My gaze flicks to the wall of screens without seeing them.

Thirty years. I know Enzo’s walk the way I know my own. I’ve watched him pace with a cigar when plans went wrong, watched him move like he belonged in every room he entered. I’ve trusted that walk behind me in hallways where enemies would have killed me if I turned the wrong corner.

Matteo continues. “We cross-referenced the text timing with internal access points. The message hit Lucia’s burner at 14:07. That’s within a five-minute window of Enzo leaving Marco’s legal meeting.” He flips to another page. “Which brings us to the number itself.”

I lift my eyes.

“This burner,” Matteo says carefully, “only one person had. Her sister.”

Lucia’s chin lifts by a fraction.

“He had access, anyway,” Matteo adds. “Through Marco’s custody file.”

My stomach turns cold.

“Marco’s lawyer scanned contact records,” Matteo says. “Emergency contacts. Extended family. That burner number was listed because Lucia used it as the only point of contact.”

Lucia’s mouth tightens. A muscle jumps in her cheek. I keep my face still. I won’t give my men the satisfaction of seeing the rage. I won’t give Lucia the fear of watching me become what she’s been running from.

“Continue,” I say.

Matteo swipes his tablet, brings up footage. “Cameras. During the breach.”

The screen shows the perimeter. Trees, motion sensors, a flash of heat signatures moving fast. Then it cuts to the interior log. A timestamp. A gap.

“This camera,” Matteo says, voice clipped, “went offline at 23:18. Twelve minutes before the breach. Not a power issue. Not a storm issue. Manual override.”

“And who can override?” Luca asks, already knowing. Already wanting it to be someone else.

Matteo doesn’t look at him. “You. Me. Head of security. Enzo.”

Silence drops. I can hear my own pulse in my ear. Lucia’s eyes flick to me. Not pity. Not fear. Something else. A grim kind of understanding.

Gianni shifts, restless. “Enzo said he was coordinating from the secure room.”

“He said,” Matteo repeats, like the words taste bad. He taps another key and brings up the secure room feed. Nothing. Black screen. No footage. No timestamp. No record of Enzo entering. No record of him leaving.

“He wasn’t there,” Matteo says quietly. “Or he wiped it.”

My hand tightens on the edge of the table. Not enough to crack it. But enough that the tendons stand out in my wrist.

Lucia’s voice cuts in, soft but sharp. “He offered to handle the internal investigation.”

Every head turns to her. She doesn’t flinch. She’s learning how to exist in rooms like this. Not by becoming one of us, but by refusing to be moved.

“Immediately,” she adds. “Before anyone even finished saying the word sabotage.”

I remember. Enzo, stepping forward like a benefactor. Like a man eager to clean up messes. It landed wrong then. It lands like a bullet now.

Matteo scrolls again. “We intercepted communications.”

He doesn’t say how. He doesn’t have to. In my world, you don’t apologize for being careful.

A series of coded messages appears on screen. Short bursts. Numbers. Names disguised. A pattern hidden under blandness.

Rossi contacts. Not direct, not obvious. Nothing that could be proven in court if this were a clean world.

But we don’t live in one.

We live in a world where patterns are proof.

“Timing matches,” Matteo says. “Messages sent within minutes of our patrol changes. Within minutes of staff rotations. Within minutes of you leaving the estate for the courthouse. The gala. The sit-down planning.” He looks at me carefully.

Like he’s approaching a wound. “And the custody filing,” he adds.
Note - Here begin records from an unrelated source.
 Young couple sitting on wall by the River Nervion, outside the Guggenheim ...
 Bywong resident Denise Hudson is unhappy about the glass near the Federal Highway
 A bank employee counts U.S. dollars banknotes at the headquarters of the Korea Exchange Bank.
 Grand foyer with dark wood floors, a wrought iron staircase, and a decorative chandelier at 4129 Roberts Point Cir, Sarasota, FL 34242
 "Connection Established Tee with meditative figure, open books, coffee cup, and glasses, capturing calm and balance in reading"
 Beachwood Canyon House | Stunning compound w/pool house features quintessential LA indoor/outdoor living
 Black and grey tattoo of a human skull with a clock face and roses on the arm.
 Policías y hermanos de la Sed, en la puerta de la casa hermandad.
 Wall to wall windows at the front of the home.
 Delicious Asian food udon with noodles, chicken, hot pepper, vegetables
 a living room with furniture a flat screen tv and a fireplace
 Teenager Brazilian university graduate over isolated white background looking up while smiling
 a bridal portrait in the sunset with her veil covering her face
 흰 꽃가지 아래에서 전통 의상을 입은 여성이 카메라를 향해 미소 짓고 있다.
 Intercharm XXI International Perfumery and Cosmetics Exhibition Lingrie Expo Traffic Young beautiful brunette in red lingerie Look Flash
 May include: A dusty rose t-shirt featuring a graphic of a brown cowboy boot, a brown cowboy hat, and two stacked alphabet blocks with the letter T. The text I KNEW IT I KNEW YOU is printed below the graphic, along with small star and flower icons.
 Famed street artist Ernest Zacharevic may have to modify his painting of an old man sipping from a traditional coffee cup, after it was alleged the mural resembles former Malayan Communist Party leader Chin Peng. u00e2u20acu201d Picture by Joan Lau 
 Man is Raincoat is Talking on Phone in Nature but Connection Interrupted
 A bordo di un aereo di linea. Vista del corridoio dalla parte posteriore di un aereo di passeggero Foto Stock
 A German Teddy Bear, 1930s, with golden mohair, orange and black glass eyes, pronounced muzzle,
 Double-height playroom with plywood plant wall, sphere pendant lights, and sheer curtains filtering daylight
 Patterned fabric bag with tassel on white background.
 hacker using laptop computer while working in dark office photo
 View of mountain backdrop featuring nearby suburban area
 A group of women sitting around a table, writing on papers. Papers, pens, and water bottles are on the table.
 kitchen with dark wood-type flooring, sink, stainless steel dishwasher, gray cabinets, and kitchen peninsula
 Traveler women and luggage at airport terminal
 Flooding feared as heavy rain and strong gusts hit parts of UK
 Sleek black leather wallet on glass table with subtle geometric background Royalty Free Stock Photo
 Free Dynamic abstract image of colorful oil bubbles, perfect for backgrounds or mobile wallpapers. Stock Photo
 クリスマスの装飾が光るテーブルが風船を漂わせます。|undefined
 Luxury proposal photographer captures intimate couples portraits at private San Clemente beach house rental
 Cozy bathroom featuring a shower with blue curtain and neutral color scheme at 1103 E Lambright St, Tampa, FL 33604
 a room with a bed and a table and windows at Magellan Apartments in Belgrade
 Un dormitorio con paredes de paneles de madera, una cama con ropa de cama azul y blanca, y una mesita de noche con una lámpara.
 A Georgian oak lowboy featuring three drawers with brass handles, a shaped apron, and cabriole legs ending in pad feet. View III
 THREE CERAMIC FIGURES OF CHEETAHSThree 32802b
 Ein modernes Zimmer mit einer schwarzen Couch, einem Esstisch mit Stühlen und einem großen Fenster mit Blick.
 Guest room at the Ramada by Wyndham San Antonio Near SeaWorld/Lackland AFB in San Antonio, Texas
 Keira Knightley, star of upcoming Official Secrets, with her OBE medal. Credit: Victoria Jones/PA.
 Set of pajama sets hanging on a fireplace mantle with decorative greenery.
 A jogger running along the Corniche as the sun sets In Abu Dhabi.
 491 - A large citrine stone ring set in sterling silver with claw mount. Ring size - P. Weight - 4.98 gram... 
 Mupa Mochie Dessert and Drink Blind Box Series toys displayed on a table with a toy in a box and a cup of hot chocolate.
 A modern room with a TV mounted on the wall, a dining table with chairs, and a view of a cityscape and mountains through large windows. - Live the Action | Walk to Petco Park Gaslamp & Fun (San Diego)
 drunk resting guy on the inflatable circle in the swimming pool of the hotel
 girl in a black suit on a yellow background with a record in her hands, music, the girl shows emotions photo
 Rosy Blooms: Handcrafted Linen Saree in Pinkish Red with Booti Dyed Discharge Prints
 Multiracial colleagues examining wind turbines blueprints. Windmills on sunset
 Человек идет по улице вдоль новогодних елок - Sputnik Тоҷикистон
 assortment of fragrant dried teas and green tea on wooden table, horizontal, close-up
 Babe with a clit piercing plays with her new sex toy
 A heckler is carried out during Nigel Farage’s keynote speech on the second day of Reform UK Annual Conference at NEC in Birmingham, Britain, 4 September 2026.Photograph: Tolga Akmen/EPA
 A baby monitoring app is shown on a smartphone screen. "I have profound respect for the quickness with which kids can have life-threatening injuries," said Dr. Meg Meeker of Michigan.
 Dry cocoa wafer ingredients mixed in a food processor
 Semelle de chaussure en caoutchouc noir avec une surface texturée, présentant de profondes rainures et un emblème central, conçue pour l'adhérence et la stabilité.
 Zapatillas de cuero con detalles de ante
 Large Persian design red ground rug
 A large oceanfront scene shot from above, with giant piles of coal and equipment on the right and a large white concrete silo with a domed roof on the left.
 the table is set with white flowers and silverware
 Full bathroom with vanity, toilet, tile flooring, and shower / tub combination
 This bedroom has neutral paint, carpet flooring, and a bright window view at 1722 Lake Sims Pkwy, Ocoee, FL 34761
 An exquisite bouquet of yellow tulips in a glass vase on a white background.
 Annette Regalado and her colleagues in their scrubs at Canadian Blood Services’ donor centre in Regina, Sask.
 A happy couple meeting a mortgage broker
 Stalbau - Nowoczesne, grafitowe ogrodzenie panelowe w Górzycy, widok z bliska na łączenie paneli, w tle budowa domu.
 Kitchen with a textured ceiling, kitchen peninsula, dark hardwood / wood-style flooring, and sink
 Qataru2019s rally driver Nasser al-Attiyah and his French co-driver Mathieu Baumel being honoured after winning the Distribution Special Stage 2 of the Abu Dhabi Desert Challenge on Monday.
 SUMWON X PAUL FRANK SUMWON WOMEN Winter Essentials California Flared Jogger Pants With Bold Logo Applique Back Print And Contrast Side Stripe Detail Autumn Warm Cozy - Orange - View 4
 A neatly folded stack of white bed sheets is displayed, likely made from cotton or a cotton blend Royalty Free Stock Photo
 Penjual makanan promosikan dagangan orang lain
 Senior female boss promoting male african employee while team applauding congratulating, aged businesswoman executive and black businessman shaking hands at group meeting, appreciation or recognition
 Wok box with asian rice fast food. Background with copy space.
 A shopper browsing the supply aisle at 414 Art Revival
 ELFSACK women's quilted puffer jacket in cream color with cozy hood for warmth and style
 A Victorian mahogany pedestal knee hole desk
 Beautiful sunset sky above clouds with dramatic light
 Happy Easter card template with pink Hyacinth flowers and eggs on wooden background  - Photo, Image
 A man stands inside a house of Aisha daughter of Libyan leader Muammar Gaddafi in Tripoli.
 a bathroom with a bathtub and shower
My chest tightens. Matteo flips to a timeline pinned across the screen. Dates. Locations. Events that felt like coincidence when I lived them.

“They filed three weeks before Lucia returned,” he says. “Marco didn’t initiate it. He signed it. But the paperwork… drafted by someone with legal experience. Someone who knows court strategy. Someone who knew exactly how to trigger a summons without raising too much suspicion.”

My mouth tastes like metal.

“Enzo,” Gianni says finally, the name coming out like an accusation and a prayer. Like if he says it loud enough, it will stop being true.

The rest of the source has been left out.